Biographers have written at length about his struggles to be satisfied by what he painted. Going as far as destroying canvases when enraged by the inability to realize a vision.
“Vision,” said minister Dr. Orpheus J. Heyward to the Renaissance Church of Christ on the last Sunday of 2021, “Is a dream that’s actualized.”
Actualization is the manifestation of action addressing dreams. Without action, a dream stays a dream.
Minister Orpheus, in his 8 a.m. service, encouraged his congregation to identify the needs that tug at their hearts. Then to dream about addressing that need.
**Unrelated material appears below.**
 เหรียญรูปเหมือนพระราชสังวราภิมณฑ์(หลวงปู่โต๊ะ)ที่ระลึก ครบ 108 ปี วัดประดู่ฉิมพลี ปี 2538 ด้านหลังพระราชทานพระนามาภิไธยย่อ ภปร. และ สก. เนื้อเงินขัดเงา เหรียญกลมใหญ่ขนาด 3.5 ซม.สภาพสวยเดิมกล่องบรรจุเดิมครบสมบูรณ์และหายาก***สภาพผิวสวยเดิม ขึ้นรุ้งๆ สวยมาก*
Followed by action.
“You are wonderfully and fearfully made,” Orpheus preached, saying over and over how GOD built people for a personal mission and how you must find and believe in your mission to walk your unique path.
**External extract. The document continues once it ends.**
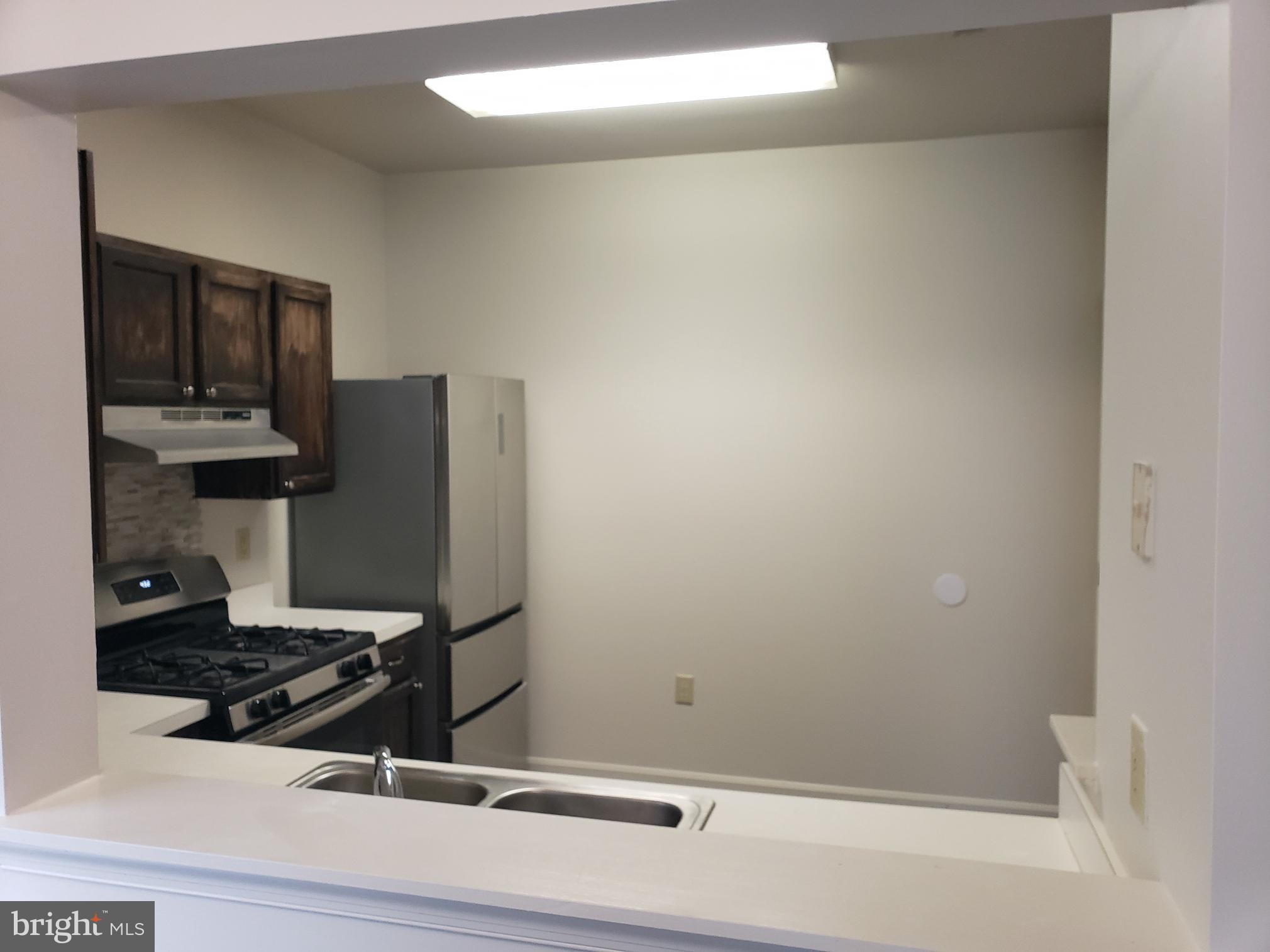 2006 Bell Point Court Odenton, MD 21113 - Photo 2 of 11 Kitchen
Cézanne thought painting was his designated path but frustrations in his life jaded his judgment enough to make him critical of what he created.
I think all artists, at some point in their lives, critique themselves harshly. Even the ones who actualize their dreams. André 3000 spoke at length about his experience as a contemplative artist when he was interviewed by Rick Rubin in 2020.
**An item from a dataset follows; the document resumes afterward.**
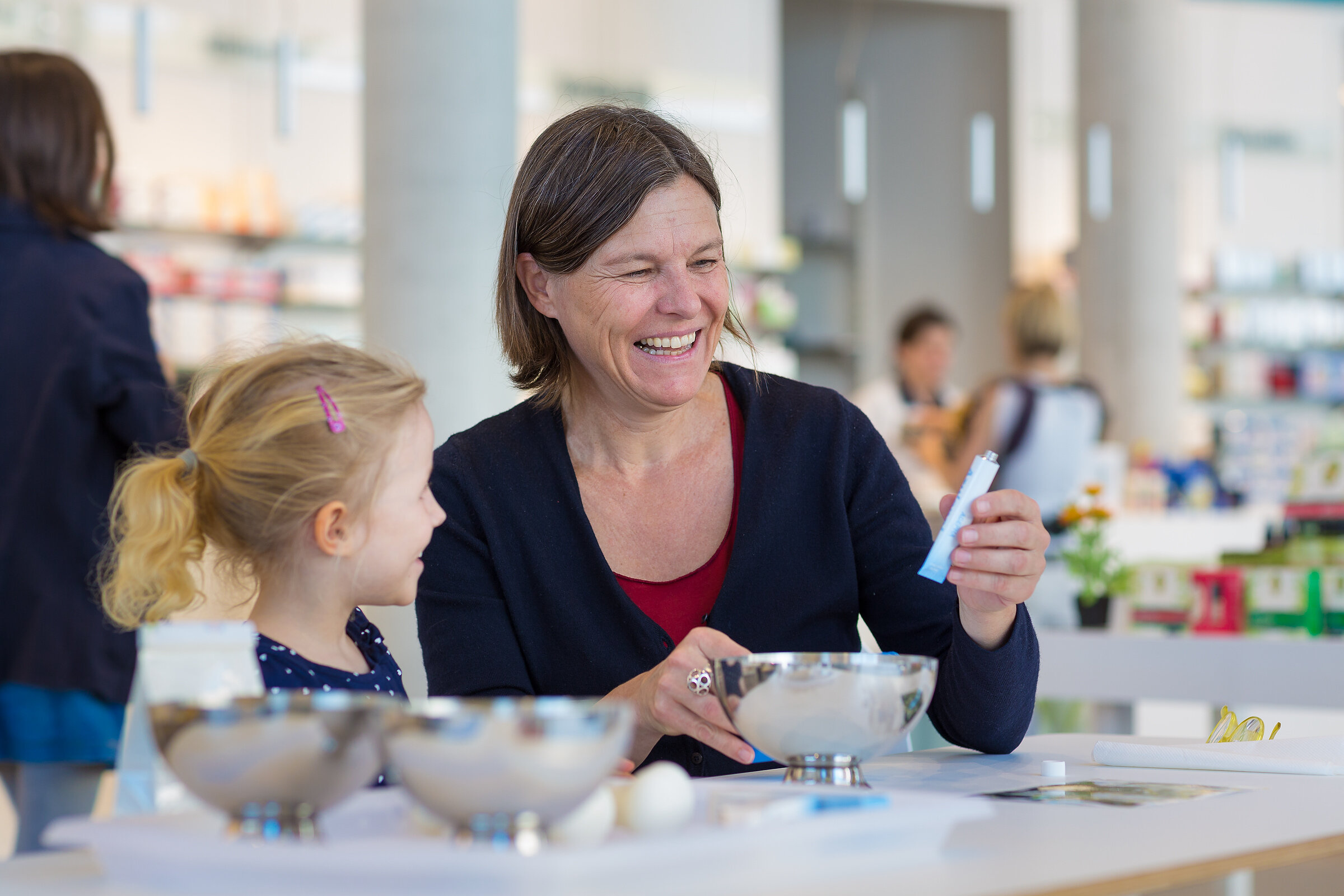 Dame und Kind mischen Tinktur in der Seestadt Apotheke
I thought of Cézanne and André during a several week stay in Wilmington, North Carolina. I would spend afternoons sitting on the balcony, watching the water. Ideas would come in waves. How many of them were good became a common contemplation.
The ideas started to pile up like boxes in a garage. More and more ideas began to linger as I assessed their value. At times I felt unsure what makes a story worth telling. Unsure of what makes a dream worth actualizing.
I don’t think I found an answer but as I studied Paul Cézanne, I discovered his childhood friend and famous art critic Émile Zola.
The two artists grew up together, grew older together, but their correspondence famously ended after Zola published a book about a revolutionary painter who struggled to impress the public and never achieved the masterpiece he sought to make.
The character, Claude Lantier, wasn’t solely based on Cézanne, but historians have stated Zola drew from his friend’s life to help create his fictionalized painter.
Was it too realistic of a caricature? Could that really be the reason their friendship ended?
Sometimes I wonder how much of music journalism is creating caricatures of musicians. How many of the stories written reveal a real person? Or does the page distort their likeness into some unreal but accurately depicted parody? Are music publications the text version of a wax museum?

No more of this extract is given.